The equiatomic CoCrNi medium entropy alloy (MEA) has shown better mechanical properties than many MEAs and high entropy alloys (HEAs) at room temperatures. However, the mechanical behaviors and deformation mechanisms of CoCrNi MEAs have yet to be studied, especially at different strain rates. In this study, cold spray additive manufacturing (CSAM) was applied to fabricate freestanding CoCrNi deposits. The investigation of compressive behaviors and deformation mechanisms were studied at a low-strain rate of 0.001 s⁻¹ and at a high strain rate ranging from 2300 s⁻¹to 4200 s⁻¹. The as-fabricated sample exhibited refined grains, unfused powders, and large porosity, resulting in limited metallurgical bonding within the bulk CoCrNi deposit and deformed particle interface. Therefore, post-heat treatment at 1350 °C was applied to improve the interparticle bonding and strengthen the as-fabricated CoCrNi deposits.
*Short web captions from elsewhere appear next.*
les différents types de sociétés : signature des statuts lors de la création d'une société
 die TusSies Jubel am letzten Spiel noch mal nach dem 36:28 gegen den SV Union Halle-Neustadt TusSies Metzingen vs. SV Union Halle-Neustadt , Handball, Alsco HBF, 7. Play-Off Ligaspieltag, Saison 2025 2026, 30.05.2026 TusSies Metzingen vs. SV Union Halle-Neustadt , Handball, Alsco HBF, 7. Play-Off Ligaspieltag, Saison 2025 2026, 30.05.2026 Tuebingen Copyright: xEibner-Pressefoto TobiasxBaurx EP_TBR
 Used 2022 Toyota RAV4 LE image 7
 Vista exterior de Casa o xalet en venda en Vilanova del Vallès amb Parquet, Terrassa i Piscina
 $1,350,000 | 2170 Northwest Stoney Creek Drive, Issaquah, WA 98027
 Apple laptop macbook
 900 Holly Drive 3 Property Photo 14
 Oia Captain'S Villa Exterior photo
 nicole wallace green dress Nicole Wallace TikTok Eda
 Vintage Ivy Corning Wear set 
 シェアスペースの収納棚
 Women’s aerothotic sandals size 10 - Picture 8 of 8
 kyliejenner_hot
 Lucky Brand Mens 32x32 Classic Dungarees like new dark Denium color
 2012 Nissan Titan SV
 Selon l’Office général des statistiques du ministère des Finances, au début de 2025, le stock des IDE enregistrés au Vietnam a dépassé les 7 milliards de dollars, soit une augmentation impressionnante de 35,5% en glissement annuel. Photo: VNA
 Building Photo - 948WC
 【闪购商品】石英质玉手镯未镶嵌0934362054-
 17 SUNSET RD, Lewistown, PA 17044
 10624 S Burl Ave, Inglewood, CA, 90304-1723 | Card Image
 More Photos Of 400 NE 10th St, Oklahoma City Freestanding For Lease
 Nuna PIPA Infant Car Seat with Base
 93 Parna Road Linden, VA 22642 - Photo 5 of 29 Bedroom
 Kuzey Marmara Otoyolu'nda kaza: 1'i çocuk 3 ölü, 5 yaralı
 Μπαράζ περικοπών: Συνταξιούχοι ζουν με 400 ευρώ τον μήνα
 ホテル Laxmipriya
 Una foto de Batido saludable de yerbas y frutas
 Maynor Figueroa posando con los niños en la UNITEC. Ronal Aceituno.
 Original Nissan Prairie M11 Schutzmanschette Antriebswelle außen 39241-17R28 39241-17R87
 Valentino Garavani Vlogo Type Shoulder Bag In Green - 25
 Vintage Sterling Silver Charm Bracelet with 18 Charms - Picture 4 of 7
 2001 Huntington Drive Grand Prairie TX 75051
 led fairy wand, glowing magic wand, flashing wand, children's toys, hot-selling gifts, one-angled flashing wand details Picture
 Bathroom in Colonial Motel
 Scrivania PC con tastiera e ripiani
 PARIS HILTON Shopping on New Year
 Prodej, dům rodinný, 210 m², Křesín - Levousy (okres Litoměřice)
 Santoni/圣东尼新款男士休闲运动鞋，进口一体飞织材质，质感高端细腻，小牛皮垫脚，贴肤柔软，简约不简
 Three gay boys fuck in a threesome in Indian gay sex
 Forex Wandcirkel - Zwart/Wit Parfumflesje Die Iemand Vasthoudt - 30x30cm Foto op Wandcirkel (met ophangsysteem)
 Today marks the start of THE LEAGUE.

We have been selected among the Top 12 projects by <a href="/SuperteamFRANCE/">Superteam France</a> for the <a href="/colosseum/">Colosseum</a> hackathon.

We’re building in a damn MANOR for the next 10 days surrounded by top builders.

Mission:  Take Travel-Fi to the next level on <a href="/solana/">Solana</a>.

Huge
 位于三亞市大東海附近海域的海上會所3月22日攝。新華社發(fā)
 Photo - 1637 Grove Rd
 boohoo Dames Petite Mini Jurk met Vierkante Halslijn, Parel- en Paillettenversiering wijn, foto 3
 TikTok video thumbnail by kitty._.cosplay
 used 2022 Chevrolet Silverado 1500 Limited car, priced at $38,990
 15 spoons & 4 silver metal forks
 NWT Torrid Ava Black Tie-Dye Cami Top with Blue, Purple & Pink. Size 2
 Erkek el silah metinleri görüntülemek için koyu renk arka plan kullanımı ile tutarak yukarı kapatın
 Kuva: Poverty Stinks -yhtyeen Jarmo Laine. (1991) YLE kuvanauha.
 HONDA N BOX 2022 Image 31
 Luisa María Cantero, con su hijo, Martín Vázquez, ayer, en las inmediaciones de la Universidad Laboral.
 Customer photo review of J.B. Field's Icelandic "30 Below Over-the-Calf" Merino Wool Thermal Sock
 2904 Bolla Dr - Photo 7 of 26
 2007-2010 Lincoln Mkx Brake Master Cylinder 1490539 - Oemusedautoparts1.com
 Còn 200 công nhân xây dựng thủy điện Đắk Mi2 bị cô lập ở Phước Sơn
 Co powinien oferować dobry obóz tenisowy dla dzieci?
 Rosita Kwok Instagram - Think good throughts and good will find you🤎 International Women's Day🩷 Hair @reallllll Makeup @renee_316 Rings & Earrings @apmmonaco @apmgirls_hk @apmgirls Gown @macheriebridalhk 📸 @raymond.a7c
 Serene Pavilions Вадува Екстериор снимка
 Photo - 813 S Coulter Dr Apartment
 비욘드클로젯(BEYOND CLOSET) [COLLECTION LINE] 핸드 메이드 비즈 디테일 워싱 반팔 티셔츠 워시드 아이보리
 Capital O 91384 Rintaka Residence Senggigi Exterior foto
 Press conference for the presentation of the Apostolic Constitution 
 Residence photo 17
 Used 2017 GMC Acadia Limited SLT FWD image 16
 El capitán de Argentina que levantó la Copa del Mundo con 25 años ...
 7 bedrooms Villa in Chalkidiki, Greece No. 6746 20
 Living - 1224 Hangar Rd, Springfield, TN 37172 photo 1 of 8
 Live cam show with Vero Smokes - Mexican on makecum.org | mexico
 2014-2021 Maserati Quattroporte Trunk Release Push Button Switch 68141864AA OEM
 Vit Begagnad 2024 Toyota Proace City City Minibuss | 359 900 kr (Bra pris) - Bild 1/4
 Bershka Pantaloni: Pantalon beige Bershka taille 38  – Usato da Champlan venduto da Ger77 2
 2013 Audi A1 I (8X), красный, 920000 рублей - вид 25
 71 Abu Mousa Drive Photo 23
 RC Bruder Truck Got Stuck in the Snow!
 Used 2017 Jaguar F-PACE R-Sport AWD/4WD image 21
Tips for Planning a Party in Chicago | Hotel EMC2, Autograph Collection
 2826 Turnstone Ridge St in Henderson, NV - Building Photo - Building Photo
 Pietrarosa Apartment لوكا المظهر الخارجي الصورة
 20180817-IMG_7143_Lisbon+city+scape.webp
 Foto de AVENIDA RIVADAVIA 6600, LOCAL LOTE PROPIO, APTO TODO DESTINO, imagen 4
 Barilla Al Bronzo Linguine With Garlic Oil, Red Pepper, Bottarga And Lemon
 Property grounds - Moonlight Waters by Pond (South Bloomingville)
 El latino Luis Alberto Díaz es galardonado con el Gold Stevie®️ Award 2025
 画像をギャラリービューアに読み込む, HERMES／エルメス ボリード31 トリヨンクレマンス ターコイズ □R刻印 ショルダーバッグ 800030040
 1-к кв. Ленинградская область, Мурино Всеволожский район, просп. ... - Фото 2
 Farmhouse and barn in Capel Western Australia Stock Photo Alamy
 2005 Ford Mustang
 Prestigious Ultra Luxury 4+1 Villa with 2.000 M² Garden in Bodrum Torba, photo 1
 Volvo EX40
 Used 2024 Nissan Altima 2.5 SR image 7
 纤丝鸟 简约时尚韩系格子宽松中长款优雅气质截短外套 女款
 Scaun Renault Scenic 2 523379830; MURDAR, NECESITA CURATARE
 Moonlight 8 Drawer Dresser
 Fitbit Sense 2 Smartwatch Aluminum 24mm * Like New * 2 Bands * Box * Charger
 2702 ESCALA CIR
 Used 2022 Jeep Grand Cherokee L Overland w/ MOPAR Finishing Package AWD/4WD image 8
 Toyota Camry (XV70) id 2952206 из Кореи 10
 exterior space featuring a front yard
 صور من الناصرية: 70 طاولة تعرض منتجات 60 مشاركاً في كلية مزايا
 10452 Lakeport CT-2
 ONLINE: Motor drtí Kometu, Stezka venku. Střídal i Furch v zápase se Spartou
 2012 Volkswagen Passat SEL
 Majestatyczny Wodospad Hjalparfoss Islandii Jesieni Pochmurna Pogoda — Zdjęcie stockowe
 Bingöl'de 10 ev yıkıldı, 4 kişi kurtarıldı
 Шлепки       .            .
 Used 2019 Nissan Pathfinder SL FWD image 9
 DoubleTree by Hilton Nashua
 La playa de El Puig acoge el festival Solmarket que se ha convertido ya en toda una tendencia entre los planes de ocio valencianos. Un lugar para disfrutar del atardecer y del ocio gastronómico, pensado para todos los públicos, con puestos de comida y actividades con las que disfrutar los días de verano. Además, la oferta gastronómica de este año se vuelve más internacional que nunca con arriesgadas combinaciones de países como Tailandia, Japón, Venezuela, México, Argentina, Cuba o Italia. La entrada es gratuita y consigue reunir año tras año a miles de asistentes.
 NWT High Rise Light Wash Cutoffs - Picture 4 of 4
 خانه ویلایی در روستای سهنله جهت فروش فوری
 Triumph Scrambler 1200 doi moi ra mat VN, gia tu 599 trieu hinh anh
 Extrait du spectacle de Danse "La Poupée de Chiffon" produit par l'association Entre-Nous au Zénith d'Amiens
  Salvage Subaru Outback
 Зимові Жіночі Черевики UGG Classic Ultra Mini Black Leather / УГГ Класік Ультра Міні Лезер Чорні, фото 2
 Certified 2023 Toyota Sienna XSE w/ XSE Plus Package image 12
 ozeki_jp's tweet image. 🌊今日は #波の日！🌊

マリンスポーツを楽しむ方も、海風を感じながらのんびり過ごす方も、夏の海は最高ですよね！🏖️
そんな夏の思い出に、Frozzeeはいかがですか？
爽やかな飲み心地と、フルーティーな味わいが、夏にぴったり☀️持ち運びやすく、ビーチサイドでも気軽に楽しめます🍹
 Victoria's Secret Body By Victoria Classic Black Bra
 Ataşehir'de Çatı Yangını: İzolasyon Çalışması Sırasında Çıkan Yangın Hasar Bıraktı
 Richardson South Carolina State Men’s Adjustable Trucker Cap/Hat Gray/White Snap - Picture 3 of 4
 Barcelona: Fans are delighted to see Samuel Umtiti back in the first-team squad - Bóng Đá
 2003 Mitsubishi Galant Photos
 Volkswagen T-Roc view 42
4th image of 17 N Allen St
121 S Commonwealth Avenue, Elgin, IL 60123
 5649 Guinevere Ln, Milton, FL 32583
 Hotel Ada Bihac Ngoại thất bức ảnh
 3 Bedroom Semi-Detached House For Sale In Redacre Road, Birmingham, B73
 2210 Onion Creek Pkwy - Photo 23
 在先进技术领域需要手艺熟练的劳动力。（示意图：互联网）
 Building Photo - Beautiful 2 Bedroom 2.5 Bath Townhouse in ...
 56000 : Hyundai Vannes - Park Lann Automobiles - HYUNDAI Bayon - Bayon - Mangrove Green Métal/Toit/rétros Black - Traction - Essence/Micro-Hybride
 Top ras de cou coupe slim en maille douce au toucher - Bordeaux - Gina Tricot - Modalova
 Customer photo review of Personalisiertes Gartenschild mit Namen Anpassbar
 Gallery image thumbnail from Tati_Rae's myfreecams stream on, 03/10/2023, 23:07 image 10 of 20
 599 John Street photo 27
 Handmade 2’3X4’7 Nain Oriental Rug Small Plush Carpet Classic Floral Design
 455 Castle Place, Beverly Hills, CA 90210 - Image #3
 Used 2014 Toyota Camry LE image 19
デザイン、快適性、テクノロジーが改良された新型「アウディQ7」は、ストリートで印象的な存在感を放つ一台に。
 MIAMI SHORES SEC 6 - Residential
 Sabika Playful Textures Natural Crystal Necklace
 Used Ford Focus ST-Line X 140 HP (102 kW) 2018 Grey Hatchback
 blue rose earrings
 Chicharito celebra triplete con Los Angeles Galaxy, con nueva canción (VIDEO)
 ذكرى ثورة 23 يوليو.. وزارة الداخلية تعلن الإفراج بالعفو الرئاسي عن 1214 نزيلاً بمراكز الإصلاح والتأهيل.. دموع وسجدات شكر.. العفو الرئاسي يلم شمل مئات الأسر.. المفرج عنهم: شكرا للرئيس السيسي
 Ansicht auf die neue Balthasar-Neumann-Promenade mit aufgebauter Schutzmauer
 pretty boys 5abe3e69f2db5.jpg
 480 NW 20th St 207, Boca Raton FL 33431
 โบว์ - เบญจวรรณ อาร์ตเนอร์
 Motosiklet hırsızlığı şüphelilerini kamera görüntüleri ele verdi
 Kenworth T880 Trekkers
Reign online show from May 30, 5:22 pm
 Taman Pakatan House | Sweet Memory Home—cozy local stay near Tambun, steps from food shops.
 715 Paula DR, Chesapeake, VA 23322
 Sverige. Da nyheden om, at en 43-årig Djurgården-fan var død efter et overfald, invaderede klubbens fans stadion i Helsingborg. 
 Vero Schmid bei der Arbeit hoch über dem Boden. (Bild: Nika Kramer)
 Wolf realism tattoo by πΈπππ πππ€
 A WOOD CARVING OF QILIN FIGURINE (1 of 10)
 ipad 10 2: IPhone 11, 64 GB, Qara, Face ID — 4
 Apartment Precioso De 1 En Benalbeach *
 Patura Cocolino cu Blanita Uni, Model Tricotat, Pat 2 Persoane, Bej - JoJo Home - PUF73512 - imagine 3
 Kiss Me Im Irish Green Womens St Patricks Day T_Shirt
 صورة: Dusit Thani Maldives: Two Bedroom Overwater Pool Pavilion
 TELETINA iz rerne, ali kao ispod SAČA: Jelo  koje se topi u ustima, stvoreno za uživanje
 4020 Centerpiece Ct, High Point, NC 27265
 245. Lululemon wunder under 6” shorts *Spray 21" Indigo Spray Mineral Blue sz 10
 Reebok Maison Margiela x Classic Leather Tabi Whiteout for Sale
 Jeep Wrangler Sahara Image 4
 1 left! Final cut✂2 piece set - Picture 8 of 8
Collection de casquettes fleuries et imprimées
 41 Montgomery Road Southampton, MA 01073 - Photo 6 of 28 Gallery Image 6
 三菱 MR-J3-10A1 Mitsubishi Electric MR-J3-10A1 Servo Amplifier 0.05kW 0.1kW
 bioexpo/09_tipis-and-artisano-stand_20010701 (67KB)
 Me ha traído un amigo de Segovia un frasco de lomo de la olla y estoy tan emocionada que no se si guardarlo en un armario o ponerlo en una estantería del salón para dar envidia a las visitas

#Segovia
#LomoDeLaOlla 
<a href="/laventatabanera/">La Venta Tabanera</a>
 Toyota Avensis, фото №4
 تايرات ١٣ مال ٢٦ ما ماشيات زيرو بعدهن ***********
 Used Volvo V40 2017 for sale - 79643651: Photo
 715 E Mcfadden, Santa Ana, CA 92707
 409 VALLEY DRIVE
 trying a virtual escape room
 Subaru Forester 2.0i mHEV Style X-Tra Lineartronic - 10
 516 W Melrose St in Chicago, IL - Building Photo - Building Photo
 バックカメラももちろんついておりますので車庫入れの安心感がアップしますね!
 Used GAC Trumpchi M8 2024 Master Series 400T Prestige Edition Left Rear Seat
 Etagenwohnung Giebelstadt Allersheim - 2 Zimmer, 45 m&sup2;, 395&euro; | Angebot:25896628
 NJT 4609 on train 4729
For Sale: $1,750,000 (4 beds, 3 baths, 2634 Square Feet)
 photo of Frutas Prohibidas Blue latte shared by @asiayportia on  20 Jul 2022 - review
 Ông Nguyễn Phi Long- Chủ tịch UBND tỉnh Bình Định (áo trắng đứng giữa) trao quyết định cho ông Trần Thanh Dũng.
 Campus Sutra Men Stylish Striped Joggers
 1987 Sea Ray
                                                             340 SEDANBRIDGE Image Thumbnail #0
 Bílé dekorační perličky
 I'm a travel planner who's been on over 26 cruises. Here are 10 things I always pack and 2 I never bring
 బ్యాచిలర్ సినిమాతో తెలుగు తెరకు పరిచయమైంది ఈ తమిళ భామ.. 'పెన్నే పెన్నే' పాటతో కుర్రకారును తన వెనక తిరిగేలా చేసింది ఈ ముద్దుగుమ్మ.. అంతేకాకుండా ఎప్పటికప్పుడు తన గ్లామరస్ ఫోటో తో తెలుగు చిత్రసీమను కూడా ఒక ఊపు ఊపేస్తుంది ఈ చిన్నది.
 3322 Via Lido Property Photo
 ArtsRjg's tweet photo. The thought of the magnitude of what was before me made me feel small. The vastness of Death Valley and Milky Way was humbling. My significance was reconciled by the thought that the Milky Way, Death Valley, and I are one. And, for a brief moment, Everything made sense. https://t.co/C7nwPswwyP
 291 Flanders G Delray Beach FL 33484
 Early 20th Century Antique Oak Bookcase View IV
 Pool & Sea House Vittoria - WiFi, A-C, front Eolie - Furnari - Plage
As expected, the annealed deposit significantly improved the ultimate compressive strength (UCS) and strain elongation of the as-fabricated deposits from ∼90 MPa and ∼5% to ∼1400 MPa, and ∼70% at a strain rate of 0.001 s⁻¹. Besides, the annealed samples showed improvement twofold in UCS and ductility of the as-fabricated deposits from ∼67 MPa and ∼8.6% to ∼1266 MPa and ∼34% at a strain rate of 4200 s⁻¹ and 3800 s⁻¹ respectively. The TEM image of the annealed CoCrNi sample showed deformation twining, nano twins, planar slips, and microbands, which are the dominant deformation mechanisms that help to promote the plasticity and the work hardening behavior of this alloy. This work validates the compressive behavior and deformation mechanism of cold-sprayed CoCrNi MEA associated with post-heat treatment at different strain rates.